The Inverleith Sports Ground is a rugby union stadium in Inverleith, Edinburgh, Scotland which is the home ground of amateur club Stewart's Melville RFC and was the home ground of the Scotland national rugby union team between 1899 and 1925.

==History==
Land at Inverleith, at that time on the undeveloped northern fringe of Edinburgh, was purchased in 1897 by the Scottish Rugby Union (then the Scottish Football Union), which had previously played international matches at Raeburn Place about 1 km further south towards the city centre; that was primarily a cricket venue (although it is still used for rugby today as the home of Edinburgh Accies). Thus the organisation became the first of the 'Home Unions' to have its own ground. The first match at the new ground was played on 18 February 1899 when Scotland were defeated 9–3 by Ireland in the 1899 Home Nations Championship.

International rugby was played at Inverleith until the early 1920s, including the first matches played at home by Scotland against New Zealand in 1905 and France in 1910. Having assessed the condition of the stadium following World War I (when only minimal maintenance was carried out) and the poor potential for expansion to cope with larger crowds as the sport's popularity grew, the SRU decided to move to a new site and transferred operations to Murrayfield Stadium on the west side of the city.
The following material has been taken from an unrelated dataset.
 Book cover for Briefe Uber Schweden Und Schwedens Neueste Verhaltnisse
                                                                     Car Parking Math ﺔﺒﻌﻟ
The last international at the old ground was a victory over France in the 1925 Five Nations Championship; the subsequent win over England two months later that clinched the title and a first Grand Slam was the first match at the new ground.

Some further unofficial Scotland matches were played at Inverleith during World War II when Murrayfield was requisitioned for military use. The Scotland women's national rugby union team hosted matches there occasionally in the late 20th and early 21st centuries.

Club rugby was initially played at Inverleith by Stewart's College FP, the forerunner to the current Stewart's Melville RFC who still play there operating out of the 1990s clubhouse adjacent to the original grandstand – the owners, Stewart's Melville College, have their fields for other sports (such as Hockey and Cricket, as well as an impressive number of rugby pitches) in the surrounding area (they were formed by a merger of Daniel Stewart's College and Melville College, whose own sports grounds at Ferryfield, sold off for housing when the institutions merged, were immediately to the north).

==Location==
The stadium is located on Ferry Road (A902); Edinburgh Academy's junior school is located a short distance to the east – much closer than Stewart's Melville College itself; Goldenacre, the home of another rival school club Heriot's, is around 1 km further east.

The site is within the Inverleith conservation area. Local amateur rugby club Inverleith RFC do not play at the old stadium itself but on the Arboretum Road playing fields immediately to the east, while another local team, Edinburgh Northern RFC, use pitches in Inverleith Park.